Task objective - Return all the entries exactly. No pictures.

━━━━━ Supplied records ━━━━━

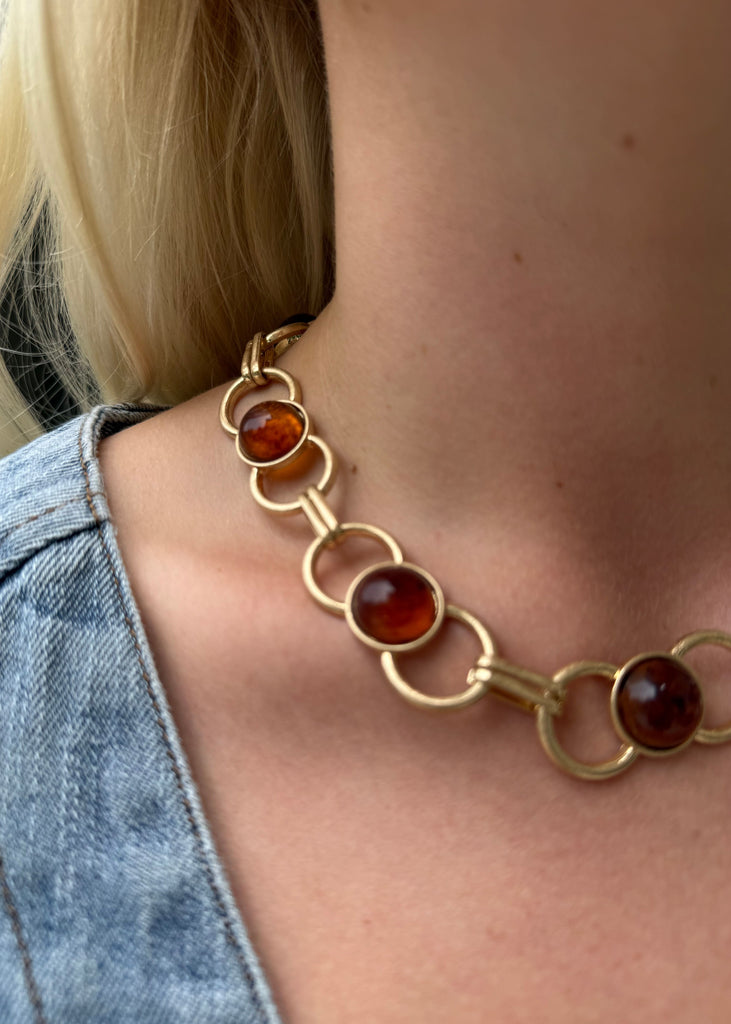 Gold necklace with amber-colored stones worn by a person with blonde hair and denim jacket.
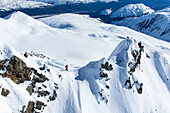 Die professionellen Snowboarder Marie France Roy, Robin Van Gyn und Helen Schettini stehen auf einem Berg und bereiten sich auf ihre Snowboards vor, nachdem sie an einem sonnigen Tag in Haines, Alaska, von einem Hubschrauber abgesetzt wurden.
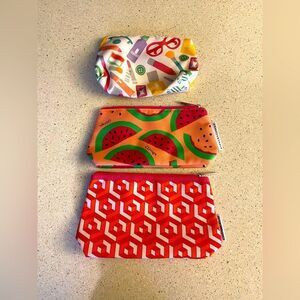 3 Women’s Clinique make up pouches
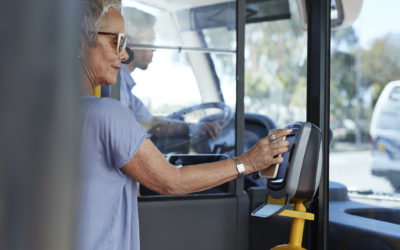 Woman uses her phone to pay her bus fare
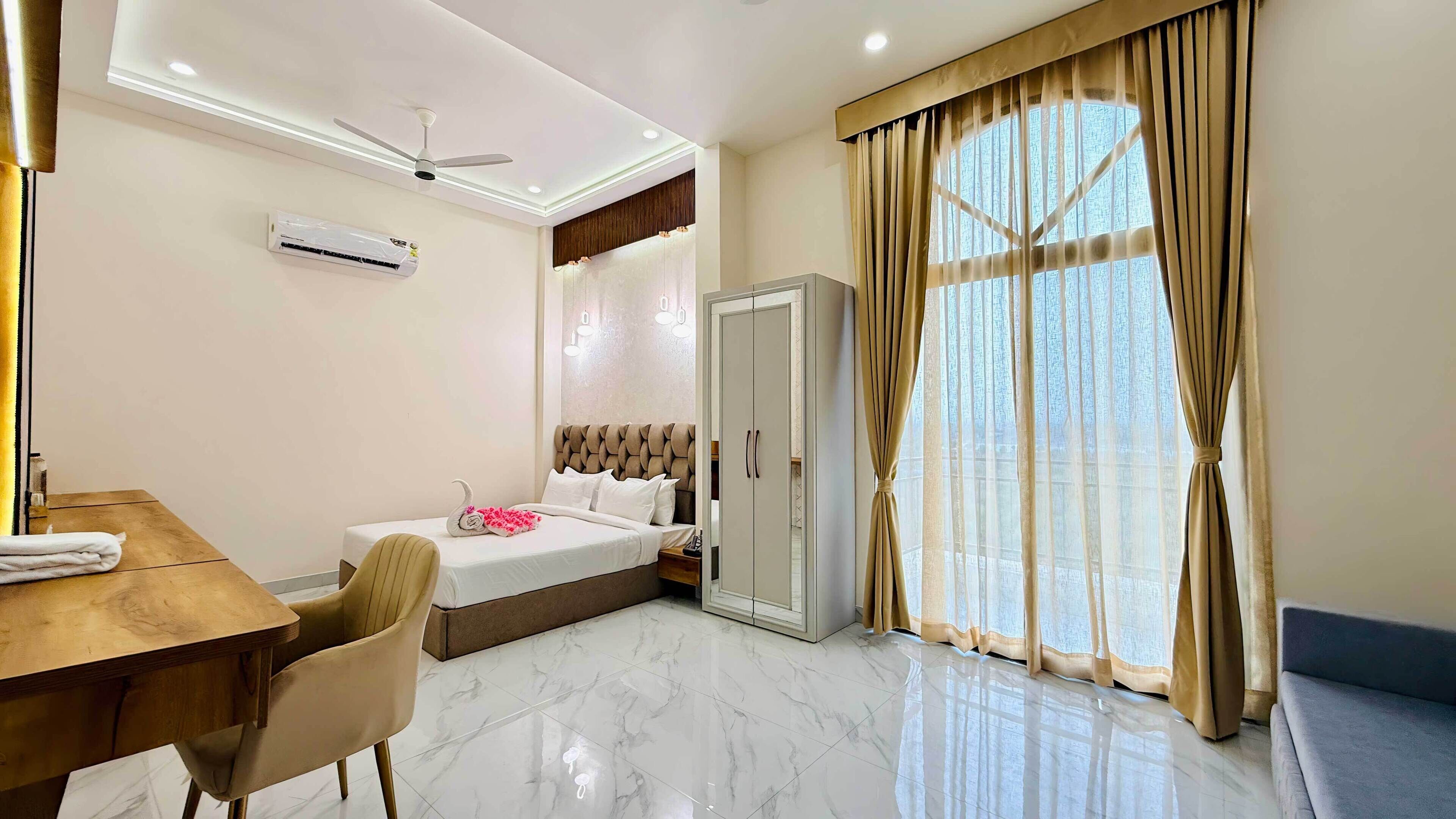 A hotel room with a bed, a wardrobe, a desk with a chair, and a large window with curtains.
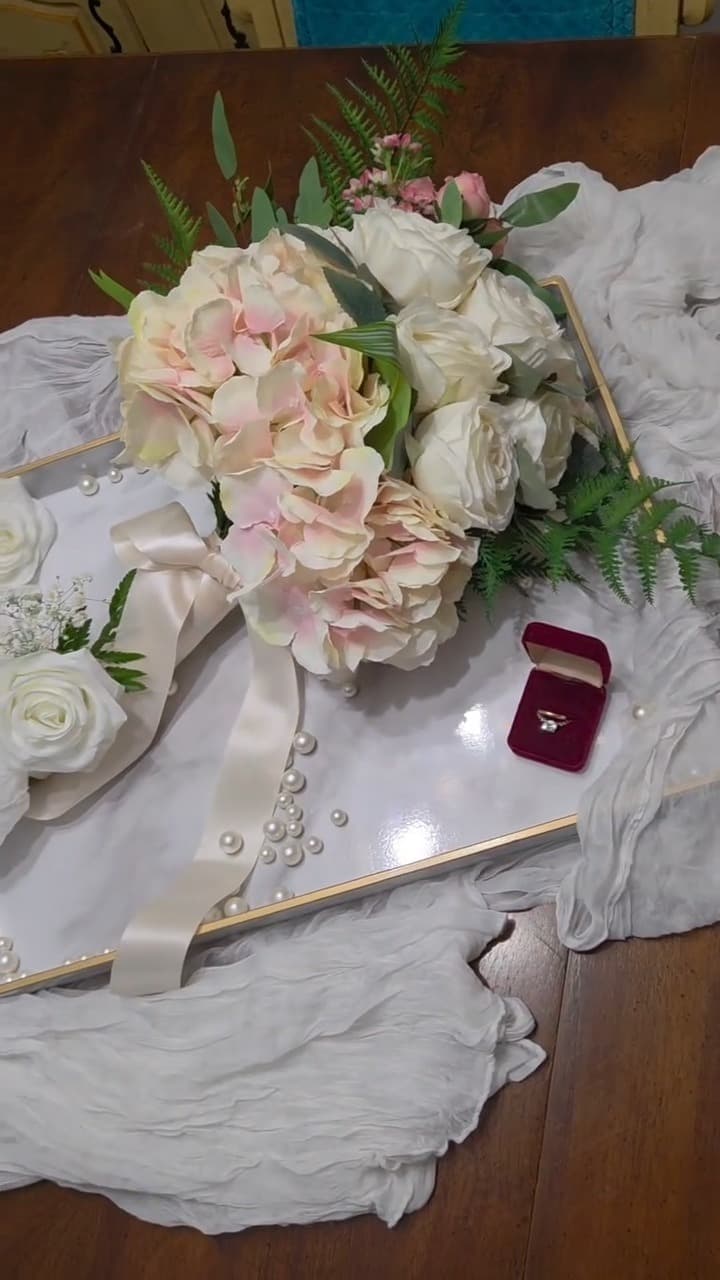 Bridal flat lay with blush bouquet, gauze runner, pearls and a ring box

━━━━━

Output of the exercise -
 Gold necklace with amber-colored stones worn by a person with blonde hair and denim jacket.
 Die professionellen Snowboarder Marie France Roy, Robin Van Gyn und Helen Schettini stehen auf einem Berg und bereiten sich auf ihre Snowboards vor, nachdem sie an einem sonnigen Tag in Haines, Alaska, von einem Hubschrauber abgesetzt wurden.
 3 Women’s Clinique make up pouches
 Woman uses her phone to pay her bus fare
 A hotel room with a bed, a wardrobe, a desk with a chair, and a large window with curtains.
 Bridal flat lay with blush bouquet, gauze runner, pearls and a ring box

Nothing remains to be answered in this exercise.